A bill progressing through Ontario’s legislative assembly to allow landlords there to collect a damage deposit from tenants has been defeated.
MPP Savoline introduced the measure last fall in an attempt to bring Ontario in line with other provinces –British Columbia, Alberta, Saskatchewan, Manitoba, and the Maritime provinces, in allowing landlords to collect a deposit up front as an incentive for tenants to resist damaging rental units.
Mrs. Savoline made the argument that Ontario landlords are reeling from an 8% HST and a measly 0.7% rental increase guideline for 2011. In the debate which took place before the vote, Mrs. Savoline argued that this measure benefits tenants and landlords alike because it “protects the future viability of rental housing stock in Ontario.”
She pointed out that only tenants who cause damage to their rental homes would be adversely affected by the bill.
Mrs. Savoline discussed that motels and hotels have the ability to guarantee reimbursement for damages by holding a credit card in reserve, where residential landlords have no similar rights.
She also mentioned receiving a number of emails from individual landlords in support of the bill.
Despite these arguments, twenty-six members voted against the measure, while 7 voted in favour of the bill.
Currently, Ontario landlords only can collect last month’s rent in advance, and those funds cannot be applied towards any damages a tenant causes to the property. If damages are discovered during the term of the tenancy agreement, the only remedy provided to the landlord is a reduction in the notice period needed to evict the tenant. The landlord must take legal action to collect damages, regardless of how much or how little those damages may cost to repair. This bill would have allowed a landlord to collect 25% of the monthly rent as a deposit, and then deduct from that fund at the end of the lease if the tenant wilfully or negligently caused damages to the rental property.

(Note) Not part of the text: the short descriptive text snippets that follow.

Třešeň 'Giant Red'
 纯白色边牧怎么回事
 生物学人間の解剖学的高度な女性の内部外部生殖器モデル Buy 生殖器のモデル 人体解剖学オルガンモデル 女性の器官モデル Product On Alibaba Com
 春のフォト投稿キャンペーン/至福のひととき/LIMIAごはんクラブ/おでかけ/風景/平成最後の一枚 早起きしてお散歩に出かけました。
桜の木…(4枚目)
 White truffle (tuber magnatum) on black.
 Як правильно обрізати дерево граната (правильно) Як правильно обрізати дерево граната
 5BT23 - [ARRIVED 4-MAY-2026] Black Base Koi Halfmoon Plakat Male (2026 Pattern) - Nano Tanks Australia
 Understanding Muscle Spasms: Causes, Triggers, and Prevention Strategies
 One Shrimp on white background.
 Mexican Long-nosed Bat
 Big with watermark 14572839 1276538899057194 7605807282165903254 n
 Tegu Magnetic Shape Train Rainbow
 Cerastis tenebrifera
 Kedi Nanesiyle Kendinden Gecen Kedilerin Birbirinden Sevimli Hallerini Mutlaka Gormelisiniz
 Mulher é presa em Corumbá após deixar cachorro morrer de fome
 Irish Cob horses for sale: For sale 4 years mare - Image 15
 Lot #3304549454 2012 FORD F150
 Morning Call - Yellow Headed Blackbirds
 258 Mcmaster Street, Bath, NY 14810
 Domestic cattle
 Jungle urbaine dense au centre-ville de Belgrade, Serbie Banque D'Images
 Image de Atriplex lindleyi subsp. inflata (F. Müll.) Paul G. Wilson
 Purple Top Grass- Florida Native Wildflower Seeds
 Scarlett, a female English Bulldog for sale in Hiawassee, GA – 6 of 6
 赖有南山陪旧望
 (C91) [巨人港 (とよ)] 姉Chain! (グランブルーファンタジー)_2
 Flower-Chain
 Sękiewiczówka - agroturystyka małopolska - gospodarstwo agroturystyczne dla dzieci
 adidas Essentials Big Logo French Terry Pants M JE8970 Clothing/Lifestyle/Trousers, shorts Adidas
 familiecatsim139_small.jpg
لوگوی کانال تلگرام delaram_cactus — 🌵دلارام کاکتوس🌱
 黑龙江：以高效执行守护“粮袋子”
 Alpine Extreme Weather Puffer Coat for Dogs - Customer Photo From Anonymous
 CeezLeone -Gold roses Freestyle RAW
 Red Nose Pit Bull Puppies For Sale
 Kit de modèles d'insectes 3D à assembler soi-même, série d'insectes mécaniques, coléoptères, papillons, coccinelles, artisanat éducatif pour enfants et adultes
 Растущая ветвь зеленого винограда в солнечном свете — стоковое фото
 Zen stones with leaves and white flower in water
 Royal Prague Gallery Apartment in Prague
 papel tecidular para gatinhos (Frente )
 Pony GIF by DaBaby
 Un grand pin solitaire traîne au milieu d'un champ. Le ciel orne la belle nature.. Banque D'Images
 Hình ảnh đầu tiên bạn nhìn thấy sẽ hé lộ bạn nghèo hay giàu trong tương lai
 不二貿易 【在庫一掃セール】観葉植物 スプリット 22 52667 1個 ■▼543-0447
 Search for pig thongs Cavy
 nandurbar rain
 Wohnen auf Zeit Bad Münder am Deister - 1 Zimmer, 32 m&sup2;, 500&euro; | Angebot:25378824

Opponents to the bill, including MPP Cheri DiNovo argued that the measure would have placed too much burden on the Landlord and Tenant Board to sort out damage deposit disputes. Ms. DiNovo cited the Alberta damage deposit law as an example of a broken system, claiming that in Alberta, it is “extremely difficult if not impossible” for tenants to get their deposits back. “In fact, it acts as almost a disincentive for good tenants, because if you’re not going to get the deposit back anyway, why keep the place pristine?” Ms. DiNovo also argued that the system would offer large landlords a “windfall of equity.”
Another opponent, MPP Michael Price said he may have given some support for the bill if it would help only small business landlords, but his sympathies did not extend to large landlords. “They seem to do very well by themselves,” he argued. Mr. Price believed that it would be too difficult to discern tenant damage from normal wear and tear. “It would be an opportunity for some unscrupulous people to simply take half of the deposit and define the wear and tear in any way they wanted,” he claimed. He also felt that the amount of the deposit would be too small to really do any good.
MPP Donna Cansfield, on the other hand, felt the 25% deposit would be too great a burden on tenants.